DFS Issues New Guidance for Regulated Entities Regarding AI Cybersecurity Risks
On October 16th, the New York State (NYS) Department of Financial Services (DFS) issued new guidance for regulated entities (including certain insurance plans) that addresses cybersecurity risks arising from artificial intelligence (AI). The guidance does not impose any new requirements beyond those codified in DFS’s cybersecurity regulation (23 NYCRR Part 500), but instead aims to explain how regulated entities should use the framework set forth in Part 500 to assess and address AI-related cybersecurity risks.

The guidance highlights certain risks of AI specific to cybersecurity, including AI-enabled social engineering, AI-enhanced cybersecurity attacks, exposure or theft of nonpublic information, and supply chain vulnerabilities.
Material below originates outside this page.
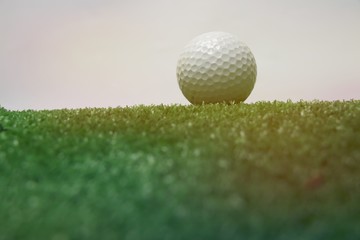 Golf ball is on green grass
The guidance suggests the following controls and measures to mitigate AI-related threats: 

  • Establishing risk assessments and risk-based programs, policies, procedures, and plans;
  • Maintaining appropriate policies and procedures for third-party service providers and vendors with access to information systems and/or nonpublic information;
  • Implementing robust access controls, including multi-factor authentication;
  • Providing cybersecurity training for all personnel, including senior executives and senior governing body members.
  • Developing monitoring processes to promptly identify security vulnerabilities, including from the use of AI-enabled products or services; and
  • Implementing appropriate data management practices, including identifying all information systems that use or rely on AI. 

DFS notes that, in addition to assessing the AI-related risks to cybersecurity, organizations should also “explore the substantial cybersecurity benefits that can be gained by integrating AI into cybersecurity tools, controls, and strategies.”

The DFS press release is available here. The guidance is available here.